Another problem for the Republican elites, whose vision of “limited government” was more rooted in economic non-interventionism than cultural conservatism is that since the mid-2000s, they have become more and more a minority within their party. The party has become more dependent on conservative working class whites to win elections.

 

Moreover, the majority support for the the Republican Party comes from rural and declining urban areas, which are slowly dying. These voters have no interest in the Republican priorities of voucherizing Medicare and privatizing Social Security. They want their entitlements and they want government to do more for old people and the middle class. The Republican Party has become less a party of business and enterprise, and more one of the declining middle class. This same group is also really concerned about immigration.

 

Between 1990 and 2014, the share of foreign-born citizens in America went from 7.9 percent to 13.9 percent. The last time the proportion was this high was 100 years ago, when it provoked enough nativist backlash in the 1920s to largely close the border for four decades, until 1965. The rising tide of immigration has indeed provoked backlash, which has been channeled into a Republican Party now increasingly dependent on conservative white voters for support.

 

Indeed, pro-Republican states have seen a much greater percentage increase in immigration than pro-Democratic states. Of the 24 states that the Republican candidate Mitt Romney won in 2012, 18 were states that had experienced more than a doubling of immigration after a history of low immigration. Political scientist Dan Hopkins (2010) has found that a sudden increase in the number of immigrants is the most powerful predictor of which localities will consider anti-immigrant ordinances.

 

Obama’s election in 2008 was initially viewed as a landmark of progress in race relations, but it also triggered a racist backlash.

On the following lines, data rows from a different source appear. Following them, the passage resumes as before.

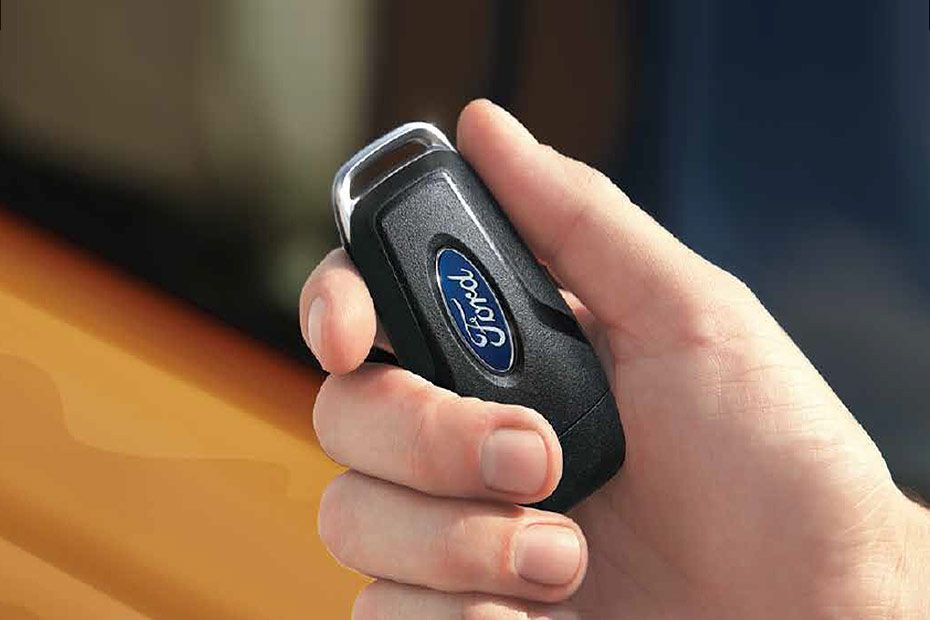 Ford Figo Titanium 1.2 Ti-VCT BS6 2021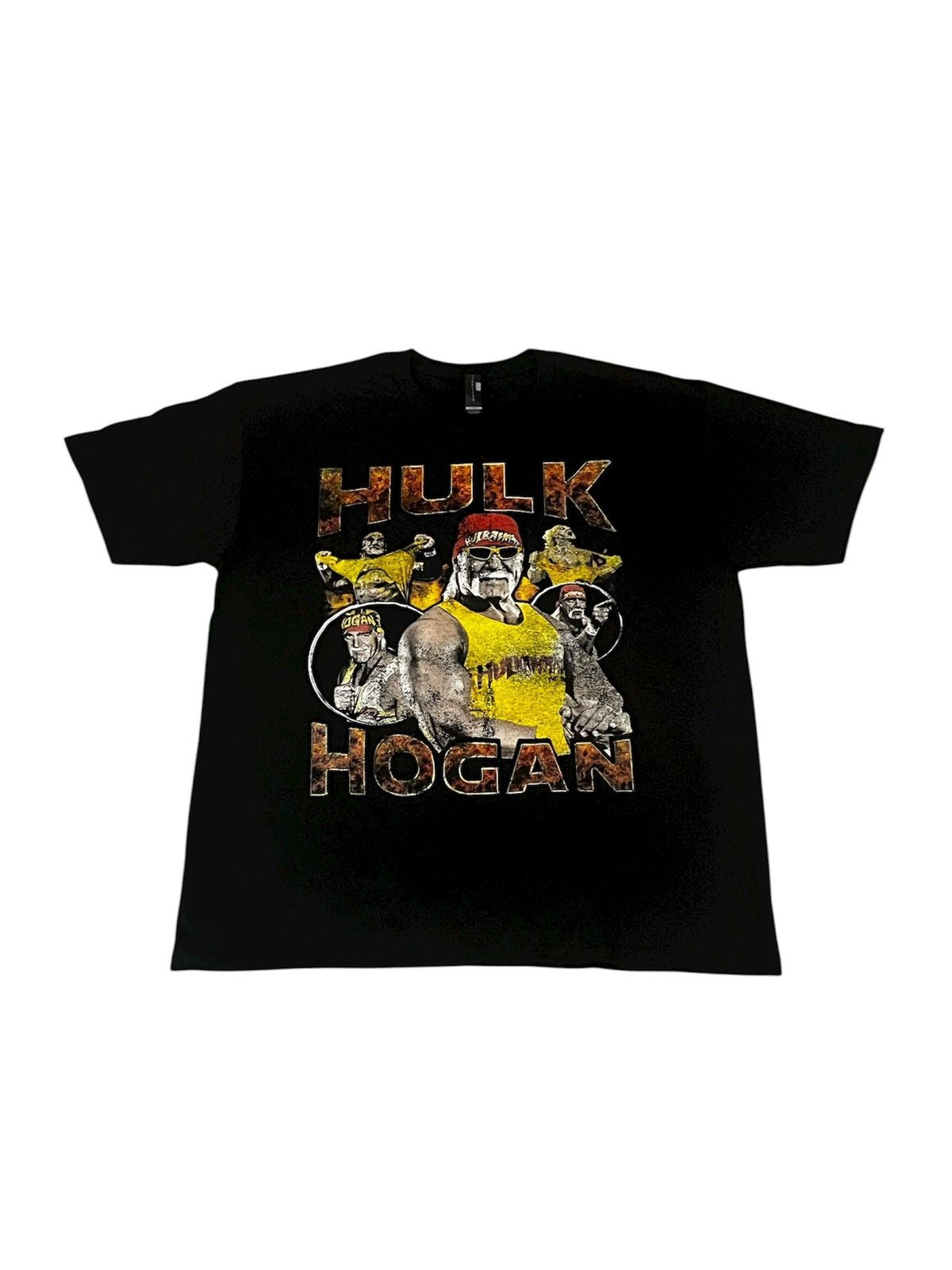 WWE Hulk Hogan XL Size US XL / EU 56 / 4 - 2 Thumbnail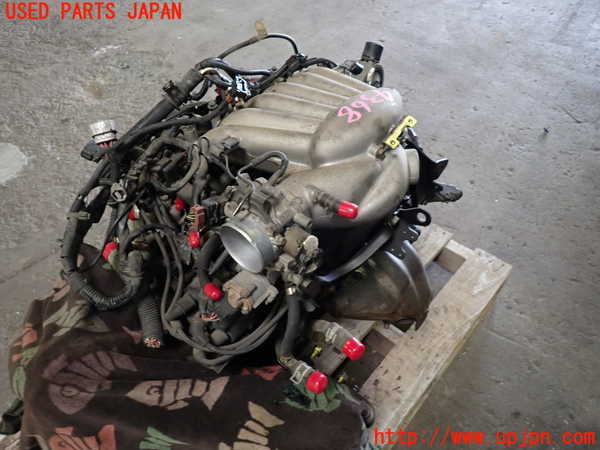 1UPJ-43682010]レグナム(EC5W)エンジン 6A13 4WD 中古_m0002.jpg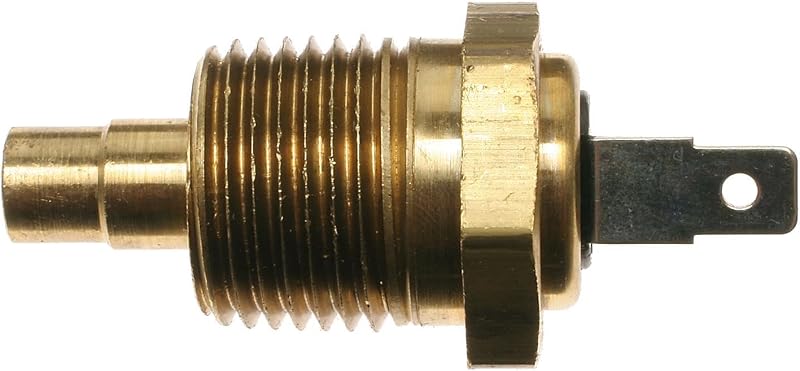 Interruptor indicador de temperatura do líquido de arrefecimento ACDelco Gold 213-4792 (88865045) para veículos GM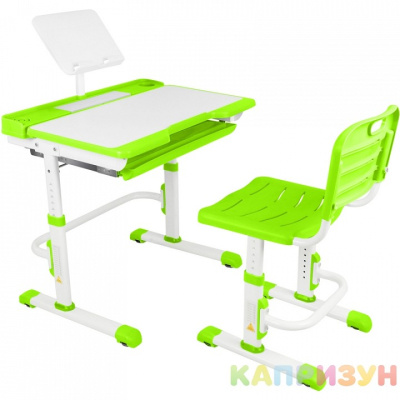 Набор учебный T7, белый фото Набор учебный T7, белый. Фото №4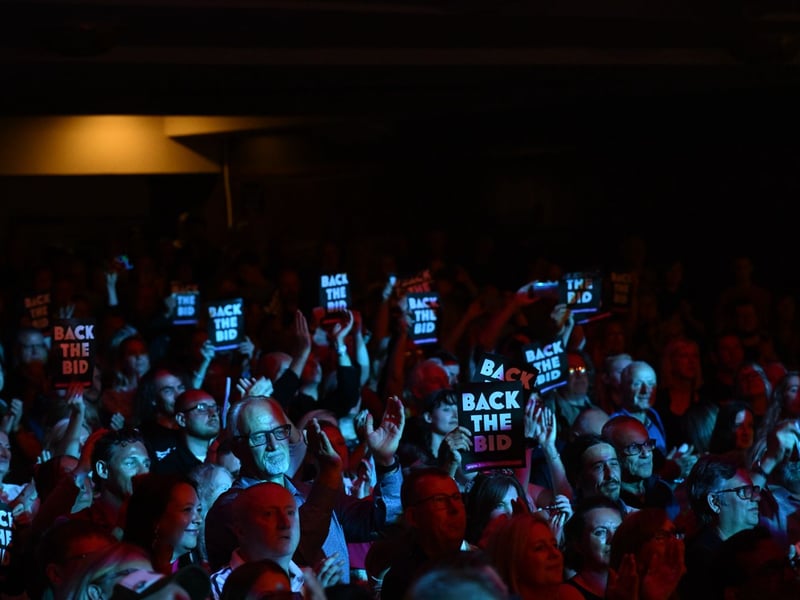 The People's Stage Concert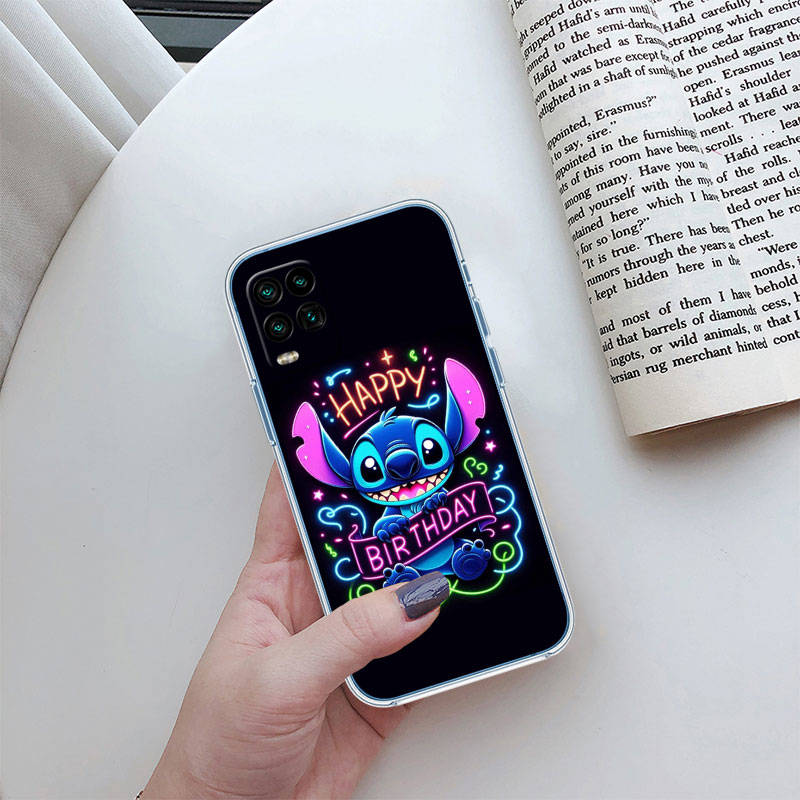 JO37 Lilo Stitch Pouzdro na telefon pro Motorola G34 G32 G31 G14 G84 G62 E32 G24 G72 G71 G73 G85 G200 G60S G60 G52 G51 G50 G42 G41 G32 G30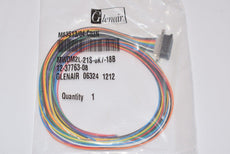 NEW Glenair M83513/04-C03N D-Sub MIL Spec Connectors MICRO D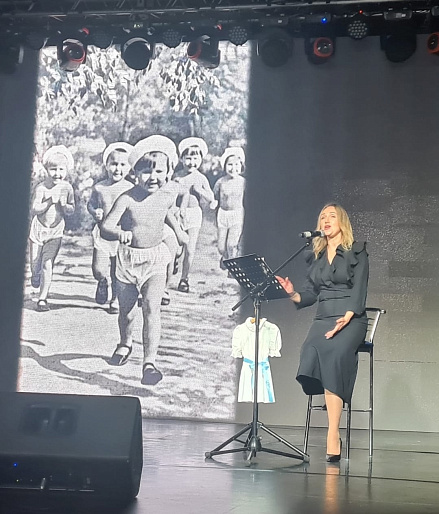 «Островитянка Победная» - жительница Поронайска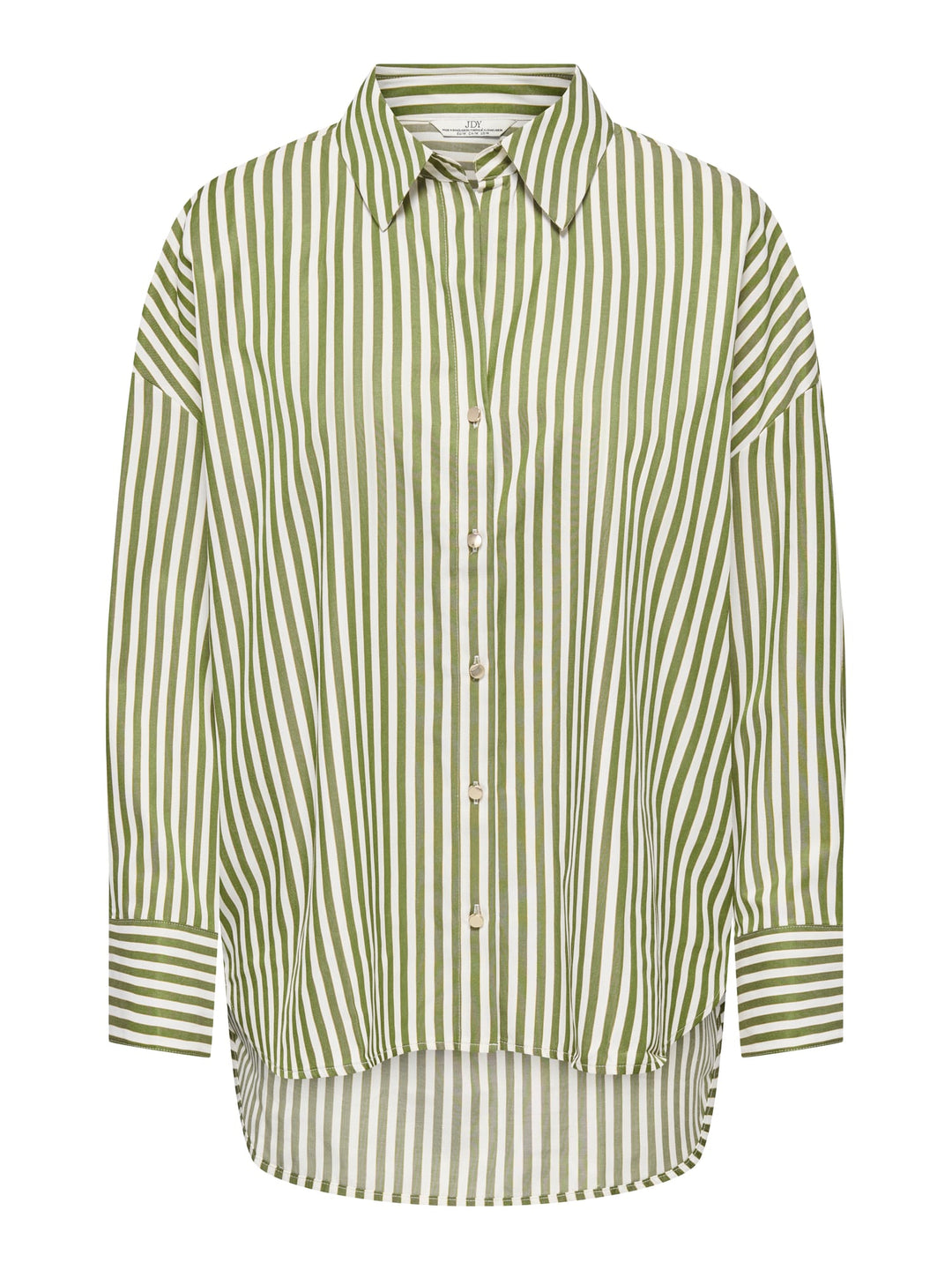 Jacqueline de Yong 15370877 Vesper blouse l/m ecru dessin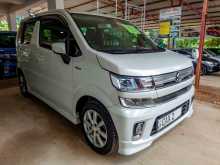 Suzuki Wagon R FZ 2017 Car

Political scientist Michael Tesler (2012) found that whites with strong racist attitudes turned much more sharply Republican subsequently, including some who had previously been Democrats.

 

Democrats have felt increasingly confident they can win national elections with the “Obama coalition” of racial minorities and white liberals. They now have fewer reasons to moderate their views on racial and social issues, and they have taken strong stands on same-sex marriage. Given all this, socially conservative whites have become further convinced their country is being taken from them.

 

Interestingly, the economic divide within both the Republican and Democratic Parties has also widened. The Republican Party is now in open warfare between Trump supporters and the NeverTrumpers. Democrats are less divided, but internal rifts between Hillary Clinton and Bernie Sanders mirror an “establishment” versus “insurgent” conflict that is also real and likely long lasting. This makes it difficult for either party to successfully mount any economic policy without the cooperation of the other party.

 

Whether there will be space left for cross-partisan cooperation to make the political system function remains to be seen. One cannot be optimistic about the prospects.

 

Over the past 50 years, the split among voters along partisan lines has reached historic levels. A large number of issues that were once non-partisan or non-ideological have become partisan ones.

 

There is little reason why race and identity will not remain the dividing line in American politics for a while to come. The Democrats see it as a winning strategy. And the Republicans will not be able to ignore the majority voices of its supporters now that Trump has opened the Pandora’s box.

 

References

 

Hopkins, D J. “Politicized places: Explaining where and when immigrants provoke local opposition.” American Political Science Review 104, no. 01 (2010): 40-60.

 

McClurg, S D. “The clockwork rise of Donald Trump and reorganization of American parties.” VOX, Mar 14, 2016.

 

Tesler, M. “The Return of Old-Fashioned Racism to White Americans’ Partisan Preferences in the Early Obama Era.” The Journal of Politics 75, no. 1 (2012): 110-23.